Otra muestra del desorden imperante es, en el ámbito legal, el caso del diputado Samayoa. En 1996, la Asamblea Legislativa dio al país una buena ley contra la violencia intrafamiliar. El artículo 43 de esta dice textualmente: "En materia de violencia intrafamiliar no se permitirá fuero, ni privilegios de ningún tipo en razón del cargo". Sin embargo, la Constitución vigente (artículos 236-238) otorga fuero y privilegios penales a los diputados, incluso respecto a la violencia intrafamiliar. Todos sabemos, además, que la Constitución está por encima de la ley secundaria. De modo que el artículo 43 de esa ley contra la violencia intrafamiliar queda penalmente en nada. Y, por supuesto, ningún diputado ni diputada ha tratado de introducir desde 1996 a la fecha una reforma constitucional que elimine el fuero y los privilegios de los parlamentarios en el caso de delitos de violencia intrafamiliar. Así, sigue brillando el artículo 238 de la Constitución, según el cual un diputado que ocasione a su cónyuge lesiones que no se cataloguen como graves (un par de bofetones, por ejemplo) solo podrá ser enjuiciado al finalizar el período para el que fue elegido. Toda una maravilla de orden y seguridad jurídica. Y toda una costumbre de legislar para apantallar, sin la mínima voluntad de cumplir.

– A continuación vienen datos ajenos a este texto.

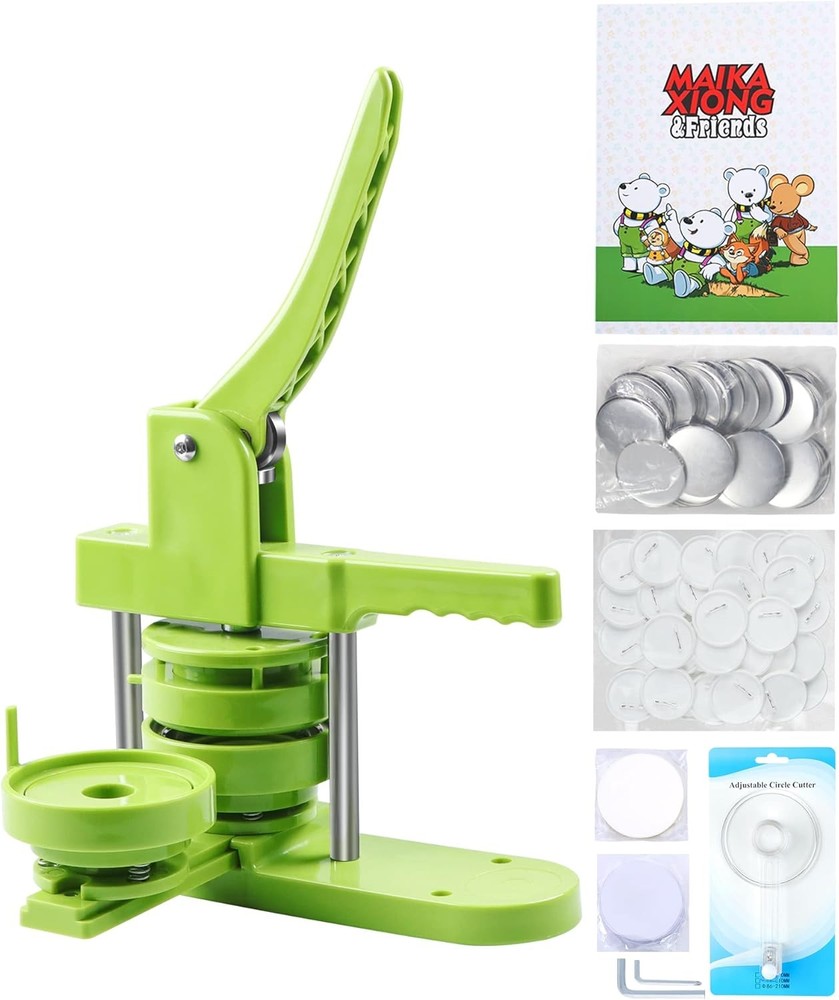 Button Maker Machine DIY Pin Badge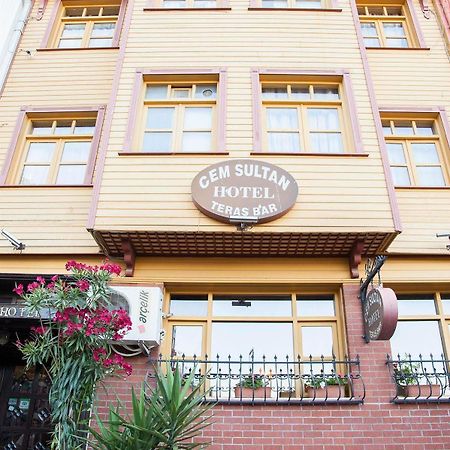 Cem Sultan Hotel Istanbul Ngoại thất bức ảnh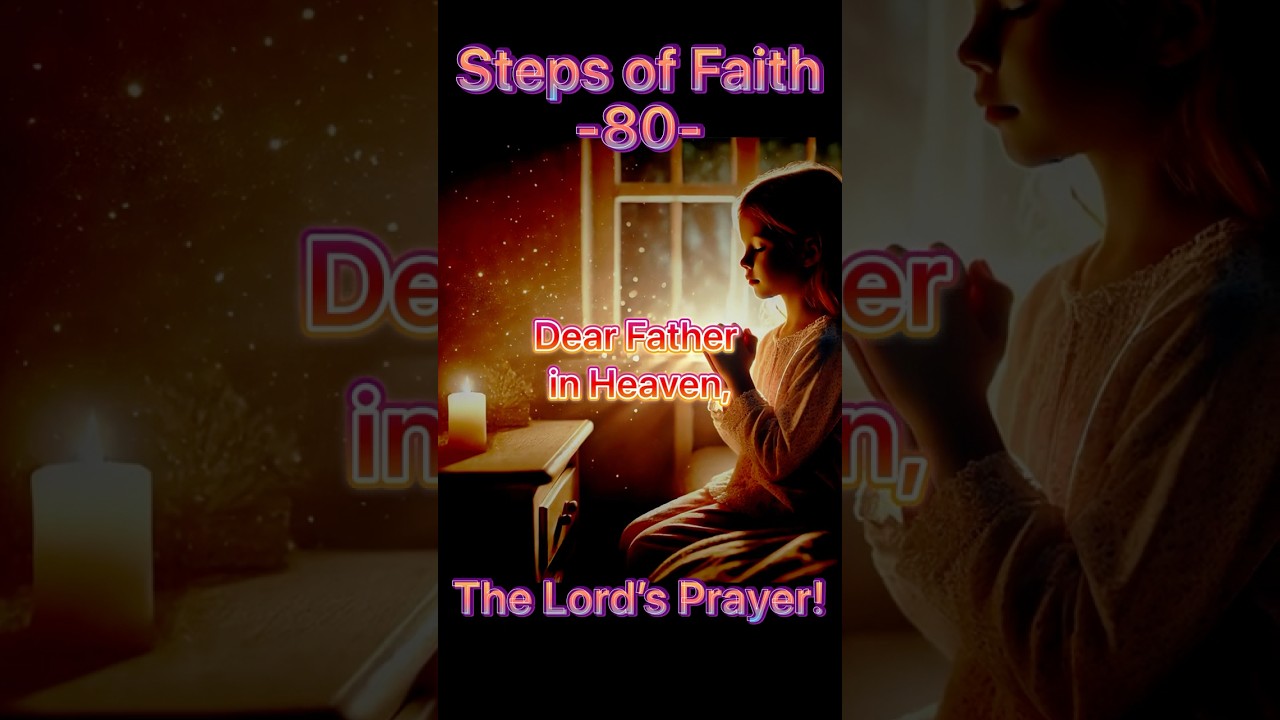 The Lord’s Prayer 🙏 | A Child’s Heartfelt Version!
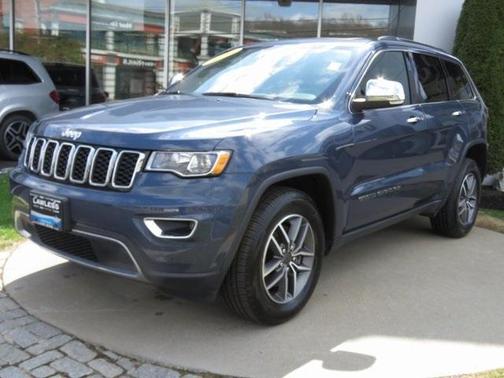 Photo 2 of 32 of 2021 Jeep Grand Cherokee Limited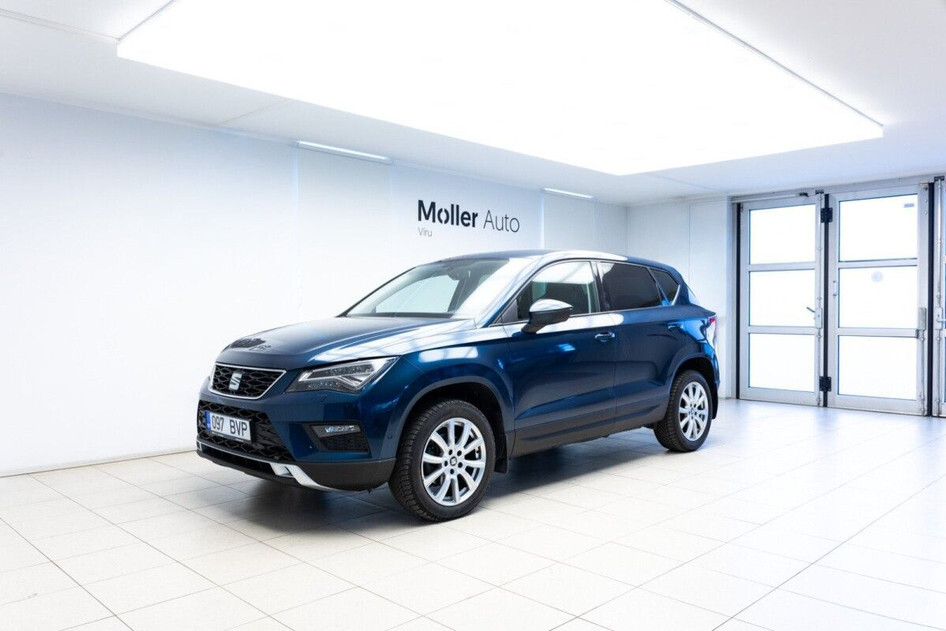 SEAT Ateca, 2019, 1.6, 85 kW, dīzelis, automātiskā, priekšējā piedziņa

En medio de este desorden, no es raro que se enriquezcan y medren especialmente los inescrupulosos, los más carentes de principios. Entre las muchas cosas que necesita El Salvador, está ciertamente progresar en orden y concierto. Tener claro hacia dónde queremos ir es el primer paso. Pero después es cuestión de elaborar una agenda ordenada, pensada adecuadamente y dialogada con la gente. Y luego cumplir disciplinadamente con los pasos establecidos. El andar reaccionando e improvisando frente a los problemas, añadiendo unas leyes sobre otras, creyendo que con leyes se cambia la realidad, no es más que un signo de la falta de orden y de seriedad en lo que respecta a una planificación bien pensada del desarrollo que queremos. Ideas no faltan. Pero fallamos en el momento de dialogarlas adecuadamente y de convertirlas en proyectos. No ubicamos los proyectos en una planificación general del desarrollo ni los ponemos en agenda, ni establecemos plazos adecuados de cumplimiento. Frente a una sociedad política o económica partidaria del desorden, crece la necesidad de que la sociedad civil se reúna por su cuenta y elabore caminos ordenados de desarrollo que sirvan posteriormente para presionar a quienes desde el Estado y la economía tienen la obligación de llevar a El Salvador hacia el bien común.